Alonso acquiesça avec un sourire timide.
— Si ça ne te dérange pas…
— Tu sais bien que j'adore quand tu me mets la pâté, répondit Ianto avec un rire.
Il sortit le jeu de dame d'un tiroir de la table de nuit, le cala sur un coin du lit et disposa les pièces sur les cases noires et blanches tout en bavardant.
— Et alors, concernant tes ailes ? Que disent les infirmières ?
Nouvel haussement d'épaule.
— Je crois que je vais devoir apprendre à vivre sans, comme toi. On s'y fait, non ?
— Ne dis pas ça… Ça va repousser, tu verras. Tu ne devrais pas prendre exemple sur moi, Alonso… Si c'est à ça que tu penses, je ne vais pas revenir ! ajouta Ianto avec une moue mi-contrariée, mi-amusée.
— Tu prends la main ? rétorqua le jeune homme, avec dans la voix un soupçon d'agacement et, peut-être, de déception.
Ianto hocha la tête et déplaça un pion blanc sur le damier.

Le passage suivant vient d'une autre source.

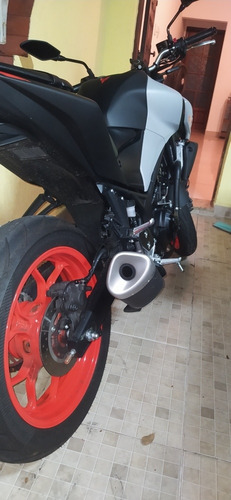 Imagem 2 de 3 de Yamaha Mt03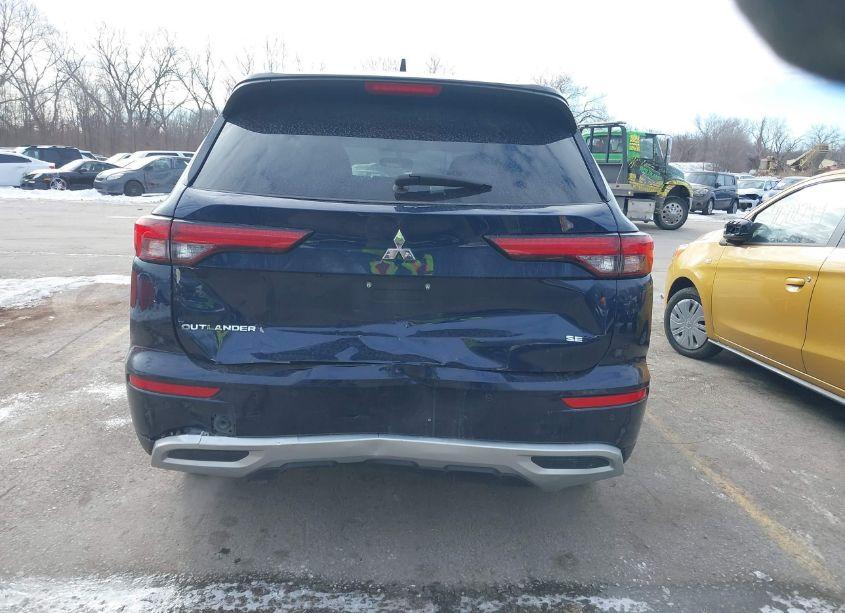 Photo 16 of 2024 Mitsubishi Outlander SE 2.5 2WD/SE BLACK EDITION S-AWC/SE BLACK EDITION W/PANO ROOF S-AWC (VIN JA4J3VA81RZ044539)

Le soir même, il rendit une dernière visite à son double, pour lui soumettre une idée que Jane lui avait soufflé. Ensemble, ils mirent au point un protocole qui permettrait à Ianto-le-double d’appeler à l’aide si lui – ou tout autre membre de l’équipe – affrontaient une difficulté. Cela ne fonctionnerait que si Ianto-le-rêveur se trouvait au Royaume au moment de l’appel, mais c’était mieux que rien. En échange, il promit de ne plus importuner son double à des moments malvenus et de les laisser en paix, lui et Jack. Cette promesse lui coûta plus que toutes ses blessures passées, mais de guerre lasse, il accepta.
Il avait pris sa décision, enfin, après tout ce temps. Il avait renoncé.